While Hochul’s office has made the same argument that the constitution stipulates a full Senate vote, her spokesperson Hazel Crampton-Hayes declined to comment on the GOP suit.
In the complaint, Palumbo charges the state Senate Democratic majority’s position that LaSalle’s nomination was defeated when the Judiciary committee voted it down last month is unconstitutional, arguing that the state constitution stipulates there must be a full-floor vote on the nomination. He specifically pointed to Article VI of the state constitution, which says the governor appoints a chief judge for the state Court of Appeals with the “advice and consent of the senate,” interpreting that to mean the full state Senate.
“A vote of a mere committee of the Senate — here, the Judiciary Committee — does not satisfy the constitutional requirement of advice and consent,” the complaint reads. “The Constitution does not delegate that authority to a committee.”
“Pursuant to the Constitution, the entire 63-member Senate must be given the opportunity to vote on Justice LaSalle’s nomination,” it continues. “Consequently, Plaintiff seeks a declaratory judgment that the Senate be required to bring Justice LaSalle’s nomination to the floor for a vote.”
Besides Stewart-Cousins, the Democratic state Senators named in the suit include Judiciary Committee Chair Brad Hoylman-Sigal (Manhattan), Neil Breslin (Capital Region), John Liu (Queens), Shelley Mayer (Westchester County), Zellnor Myrie (Brooklyn), Jessica Ramos (Queens), Sean Ryan (Buffalo), James Skoufis (Hudson Valley) and Toby Ann Stavisky (Queens). All of them voted against LaSalle’s nomination on the committee.
Mike Murphy, a spokesperson for Stewart-Cousins, said the majority leader’s office had yet to be served with the suit while blasting Senate Republicans on the grounds of their legal action.
“We have not been served regarding any lawsuit,” Murphy said in a statement. “It is embarrassing but not surprising that the Senate Republicans have no basic understanding of law or the constitution.”
State Senate leadership, including Stewart-Cousins and Hoylman-Sigal, have maintained that the GOP and governor’s interpretation of the constitution is wrong because it gives the Senate the ability to set its own rules and body works through committees.
“There’s another part of the state constitution, where it states that the Assembly and the Senate set their own rules,” Hoylman-Sigal said in an interview with WNYC’s Brian Lehrer last month.

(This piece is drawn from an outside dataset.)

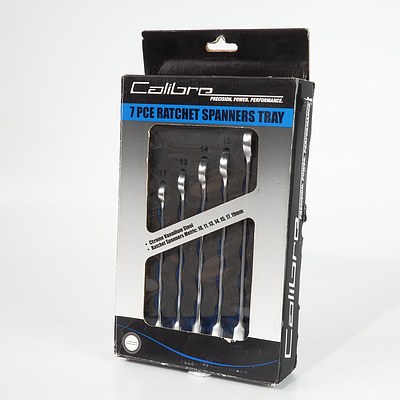 Calibre 7 Piece Ratchet Spanners Tray - New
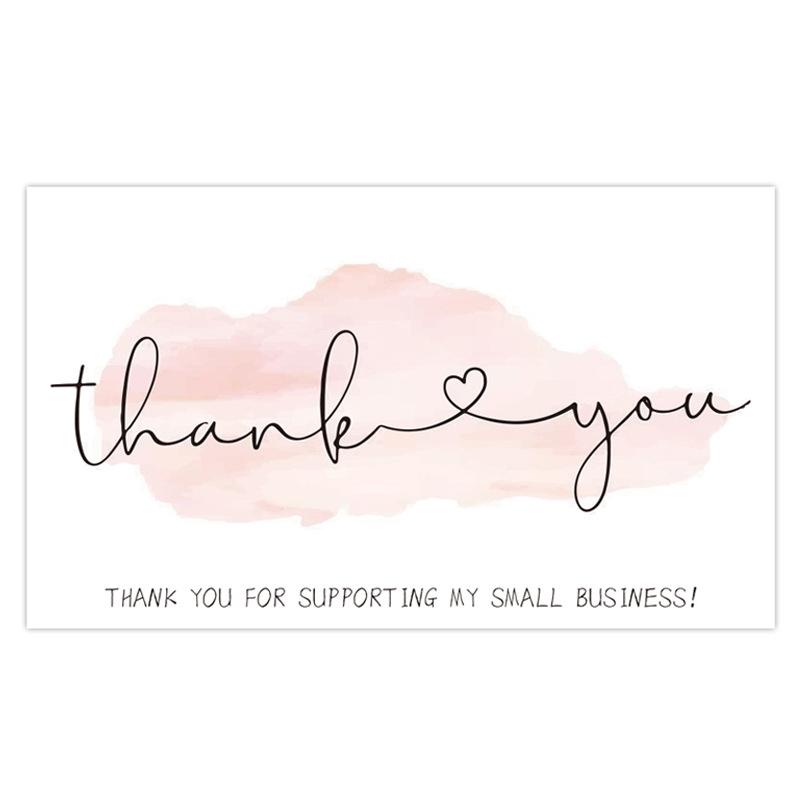 Pink 'Thank You' Cards - 50 Sheets/Pack for Gift Boxes, Decorations, and Postcards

“Brian, I think your listeners know that legislatures work through committees,” he added. “That’s something we learn in grade school, that the work we do is based on the committees’ recommendation. Otherwise we’d have every bill and every nominee going directly to the floor of our respective chambers. And that’s not how it works and that’s not the rules that we have in our constitution.”